**Task brief:**
Since the records include pictures, leave those out while you reproduce exactly and only the lines from the one containing "Logo mit der" through the one containing "Carte De Franchise", inclusive.

**Information supplied:**
BEGIN

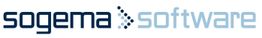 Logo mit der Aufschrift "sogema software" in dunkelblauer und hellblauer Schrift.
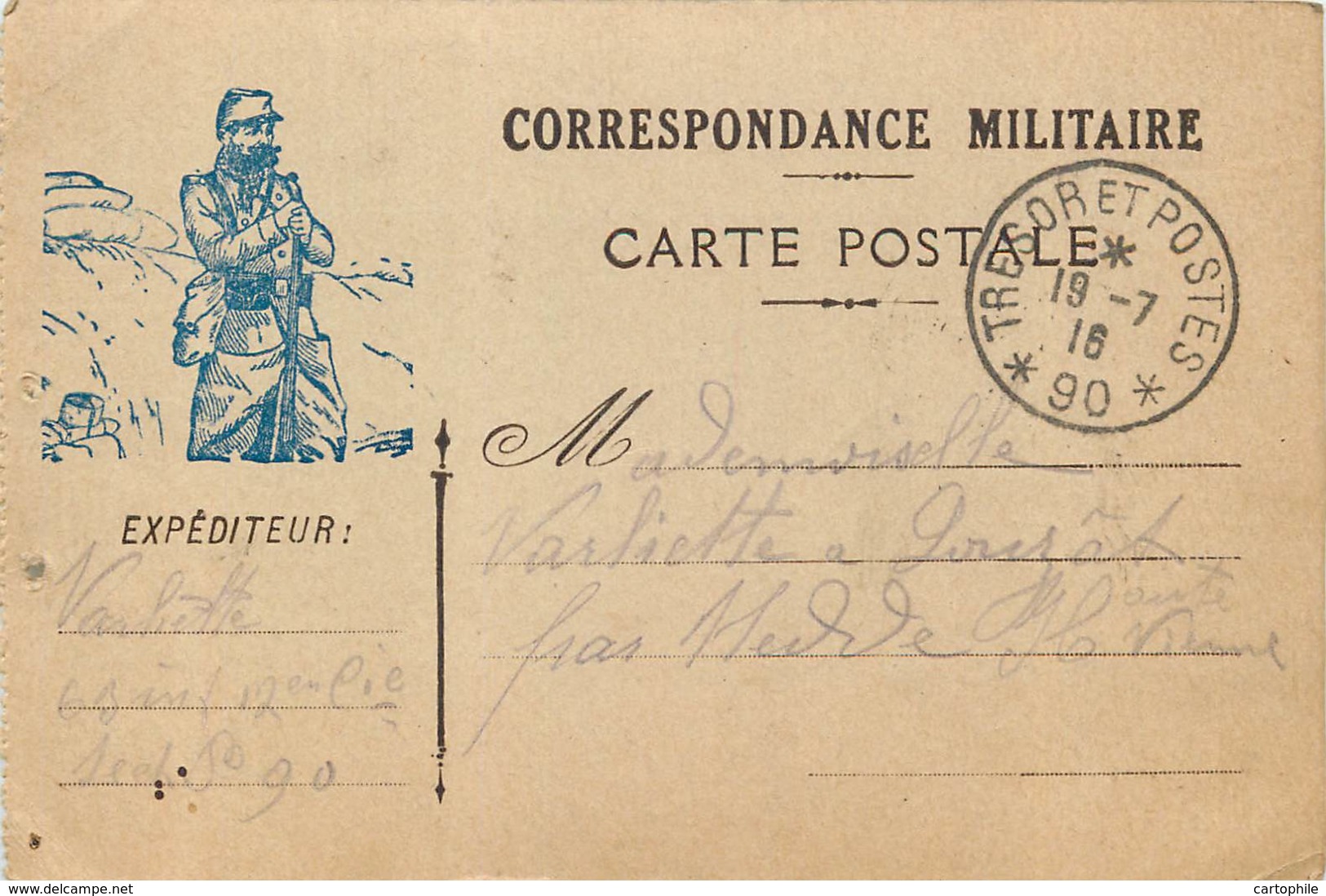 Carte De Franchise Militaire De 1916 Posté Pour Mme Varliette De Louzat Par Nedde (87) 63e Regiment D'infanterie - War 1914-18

END
BEGIN

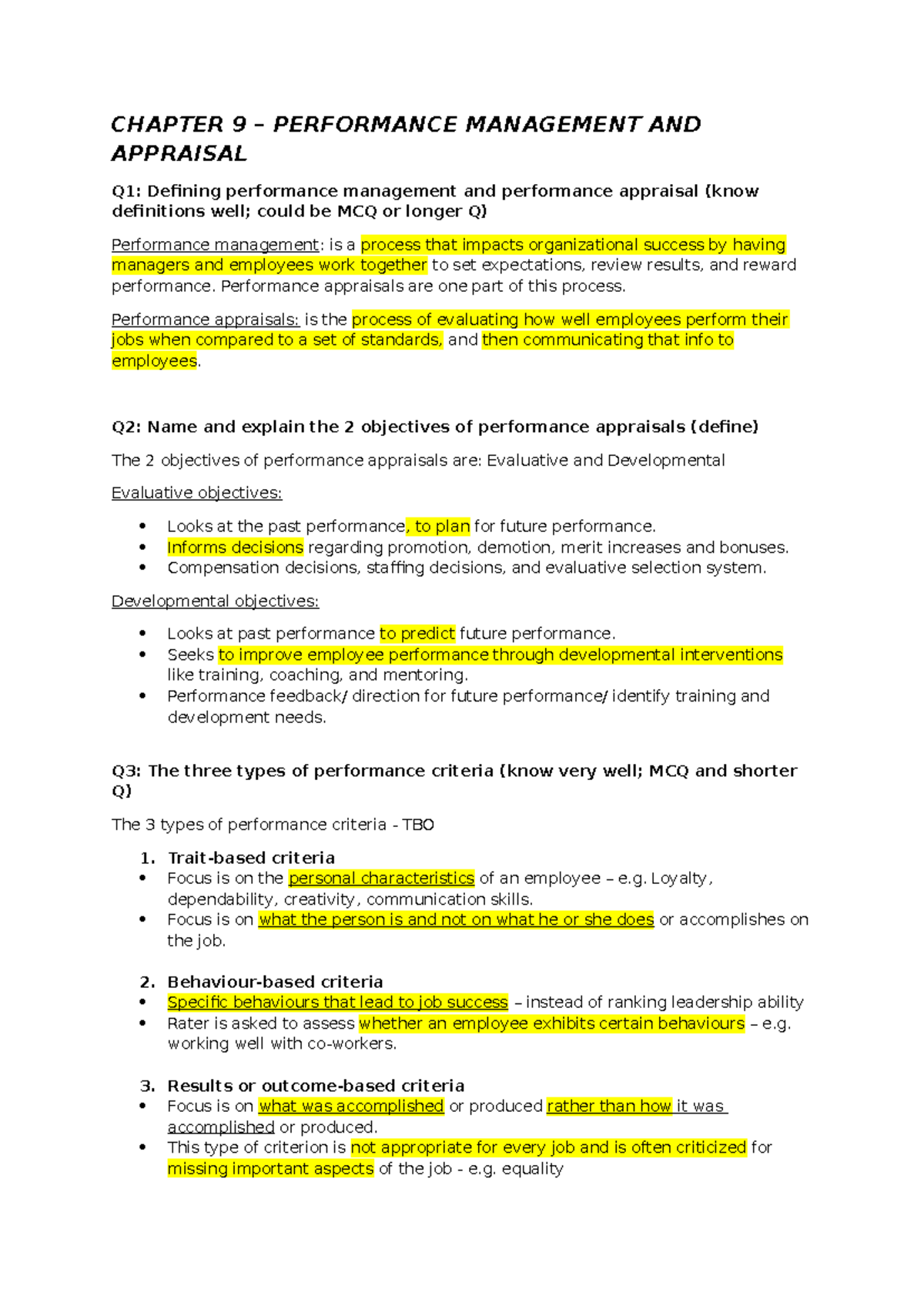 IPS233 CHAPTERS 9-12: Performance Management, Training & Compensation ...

END
BEGIN

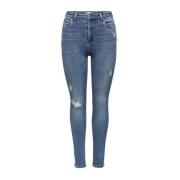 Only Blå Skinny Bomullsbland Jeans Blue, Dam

END

**Reply:**
 Logo mit der Aufschrift "sogema software" in dunkelblauer und hellblauer Schrift.
 Carte De Franchise Militaire De 1916 Posté Pour Mme Varliette De Louzat Par Nedde (87) 63e Regiment D'infanterie - War 1914-18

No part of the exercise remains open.